Ripple
- Type: Online news and entertainment publication
- Editor-in-chief: Joseph Herbert
- Founded: 10 December 1957
- Relaunched: 20 September, 2025
- Headquarters: Attenborough Building
- City: Leicester
- Circulation: Student population
- Website: Official website

= Ripple (newspaper) =

University of Leicester, UK, student newspaper

Ripple is the student newspaper at the University of Leicester, England. The publication operates almost entirely online and covers local and university-centered news, arts, entertainment, lifestyle, fictional works and student opinion articles. Ripple was initially launched in 1957 and was later called Galaxy Press, Leicester Student Magazine, and Leicester Student News. Following a period of inactivity, the publication changed its name back to Ripple in September 2025.

Ripple has featured a wide range of interviews with high-profile figures throughout its history, from Robert Mugabe and Yasser Arafat to more recent public figures such as Aaron Porter, Peter Soulsby and Dr Alex George.

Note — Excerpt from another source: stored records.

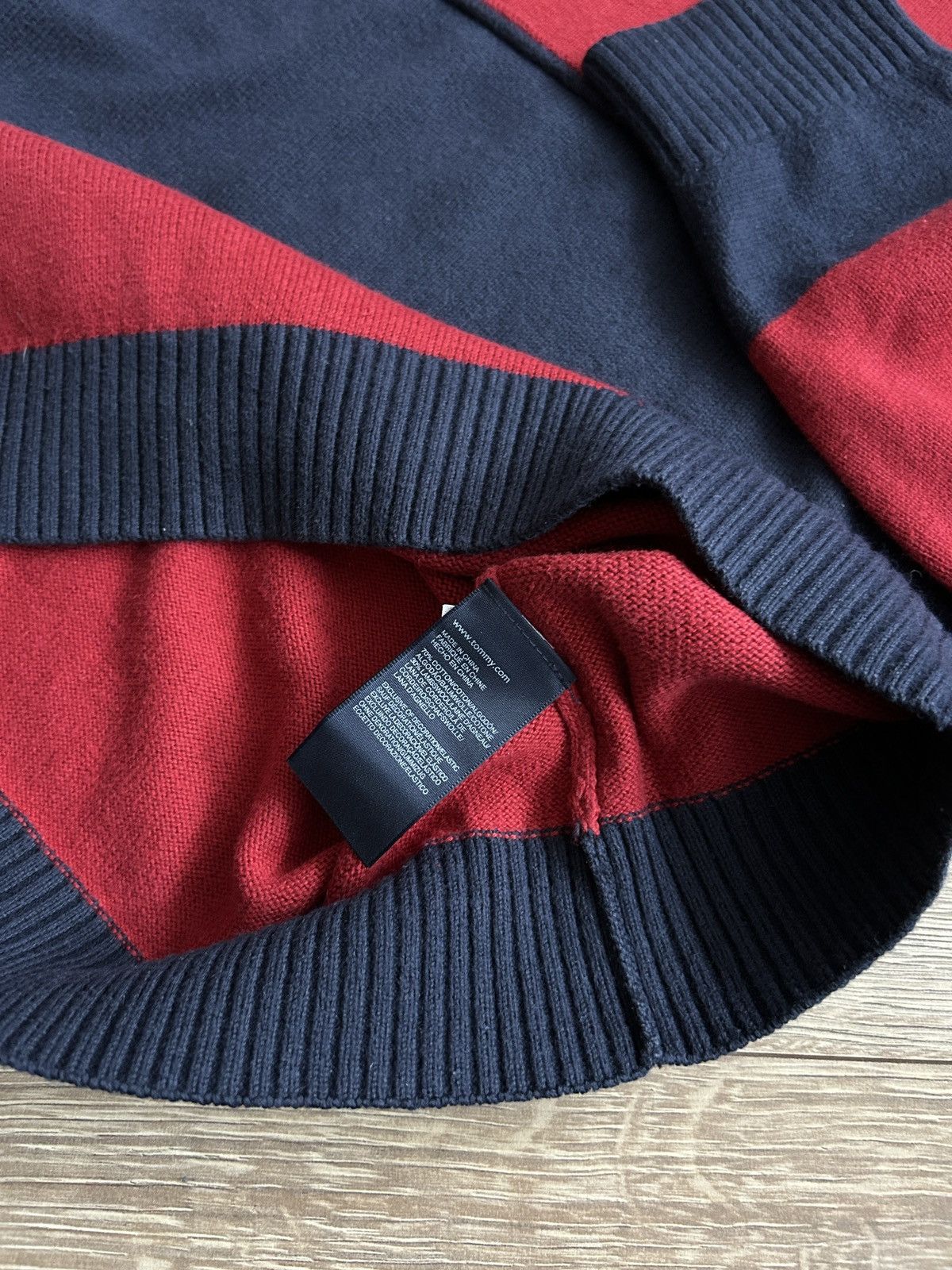 Tommy Hilfiger × Vintage Vintage Tommy Hilfiger luxury wool sweater striped mens Size US L / EU 52-54 / 3 - 3 Thumbnail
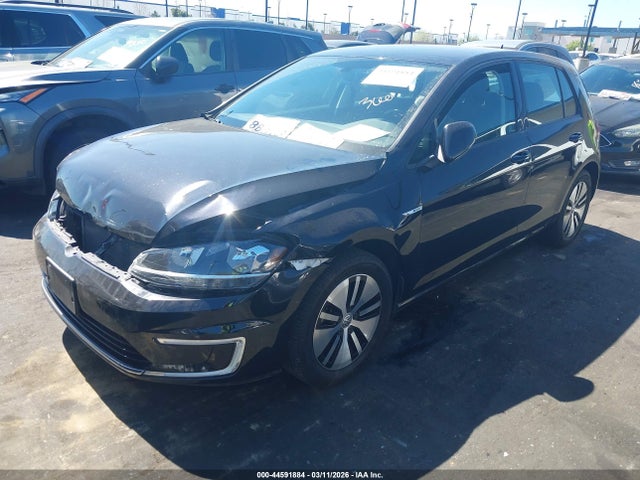 WVWKR7AUXHW953428 Volkswagen E-golf Se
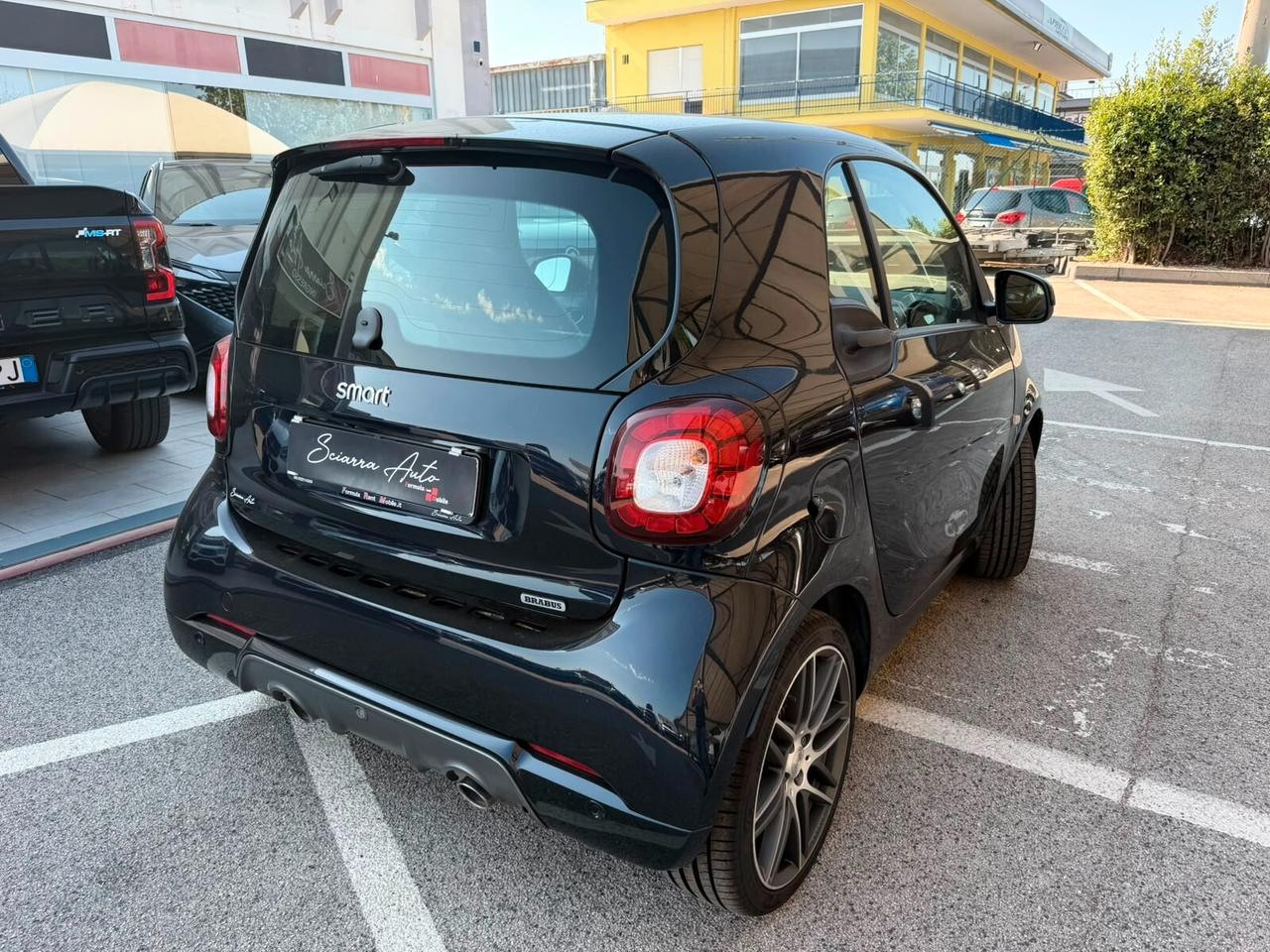 Smart ForTwo BRABUS 0.9 Turbo twinamic XCLUSIVE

Ripple is run by a team of 6 committee members, who support a team of student writers. The committee is elected by magazine members via the University of Leicester Students' Union and primarily oversees day-to-day operations, including external liaison, social media management, and student membership, while the internally elected committee seeks to offer guidance and support to student writers of varying experience and ability.

==History==
Ripple was founded by Malcolm Bradbury in 1957. Past editors include Brian Abbs (1957–58), Richard Swann (1971–72), Marc Heal (1983–84), Andrew Biswell (1993–94) and Aaron Porter (2005–06).

In October 2012, the publication launched a website for the first time, providing daily news updates and other content in addition to the print editions published each term. This website has since been taken offline.

In May 2013, students at the University of Leicester elected President Christopher Everett as the first President of Ripple. The newly created role of President was designed so that the future editor would no longer be concerned with both content and the day-to-day running of the publication, and is tasked with undertaking responsibilities such as developing strategic goals for Ripple, organising and leading the Ripple executive, communicating with the Students' Union, ensuring funding and distribution for Ripple, and organising extra-publicatory activities for the Ripples members.

In July 2020, the student publication was re-branded to Leicester Student Magazine by Zainab Bikar and Ella Johnson, following a period of society inactivity, with a notable shift into digital publication and increased social media presence. Recent recognition includes receiving the 2021 Highly Commended Newcomer Publication accolade within the Midlands by the Student Publication Association, and a host of short-listings in the national awards.

Following a period of inactivity, the publication changed its name back to Ripple in September 2025. During this time the publication invested into social media and committed to relaunching a website and print newspaper, as well as begin to implement triannual print editions with a circulation of 1,000 copies each.

==In the news==
In early 2006, the BBC revealed that the word "moony" was first used in print by The Ripple as part of the slang used during the 1987 RAG week, and led to the Oxford English Dictionary attributing the paper as the source of the word. This was followed by a feature on The Ripple as part of the BBC show Balderdash and Piffle, screened on Easter Sunday, 16 April 2006. First verbal use of "pulling a moony" is attributed to Mr. C. Bluementhal of the Leicester University Sailing Team during the 1984 BUSA sailing championship at Oxford Sailing Club.

The Ripple received national press attention again in November 2006 after speaking out against an attempt by the National Union of Students to restrict sales of several lad mags in the students' union shop.